The growth of the cryptocurrency market continuously attracts cyber crooks, heightening their effort in developing malicious apps and wallets targeting crypto users.
Hackers now develop fake apps and then upload to mobile app distribution platforms such as Google play store and App store, according to a report from ESET antivirus researchers
In a recent development, two fake cryptocurrency apps were uploaded on google play store and have been downloaded by thousands of unsuspecting users.
One of the apps, which was first spotted by reddit users, was reportedly designed to impersonate the famous hardware crypto provider “Trezor” and also bearing the name “Trezor Mobile Wallet.”
The fake Trezor app was uploaded on Google Play Store with “Trezor Inc.” as the developer on May 1, 2019, and the contents appeared legitimate at first glance. The app quickly emerged as the second result after Trezor’s official app in search results, ESET added.

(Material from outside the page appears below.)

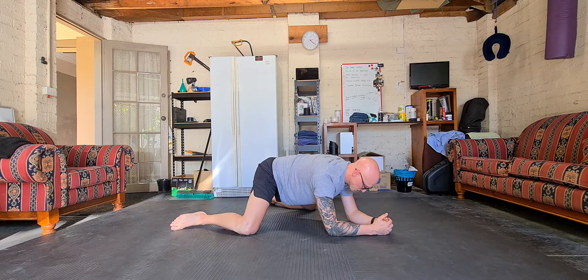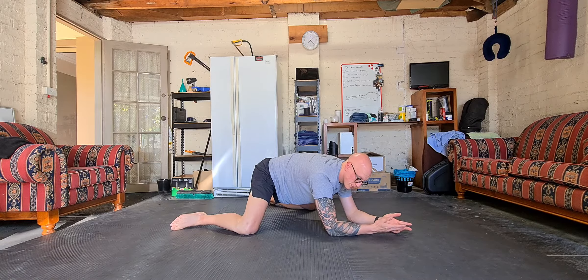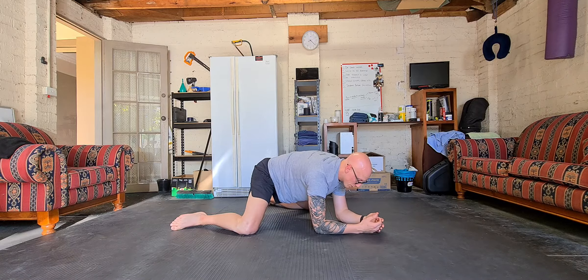We're going to breathe here, keeping my front side tight, squeezing my glutes. Once I've done a few breaths, I'm going to ease into the stretch a little more so I've got a bit more range. I'm going to set myself up comfortably so I can own this position, and then just start breathing again.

ESET further expressed it was curious about the ability of such an app, adding that they haven’t seen such malware app on Trezor’s branding. This is because their hardware wallets require PIN authentication and physical manipulation or knowledge about the recovery seed, to gain access stored cryptocurrencies, just like the official app dubbed “TREZOR Manager.”
On analyzing the app, ESET antivirus researchers found out that the app can’t do any harm to Trezor users due to Trezor’s multiple security layers;
However, the app is linked to a fake cryptocurrency wallet app dubbed “Coin Wallet – Bitcoin, Ethereum, Ripple, Tether,” which can defraud unsuspecting users their funds. Both apps were created based on app template sold online.
On this effect, ESET said it has reached out to the hardware wallets provider and Google’s security teams on the development via their blog post.
Trezor, in response, said the fake app posed no direct threat to the users. However, they expressed concerns that the users’ email addresses collected by such fake apps might be misused for phishing schemes with Trezor’s users as the target.
At the time of writing this report, both apps – the fake Trezor app and the Coin Wallet app were not available on Google Play Store.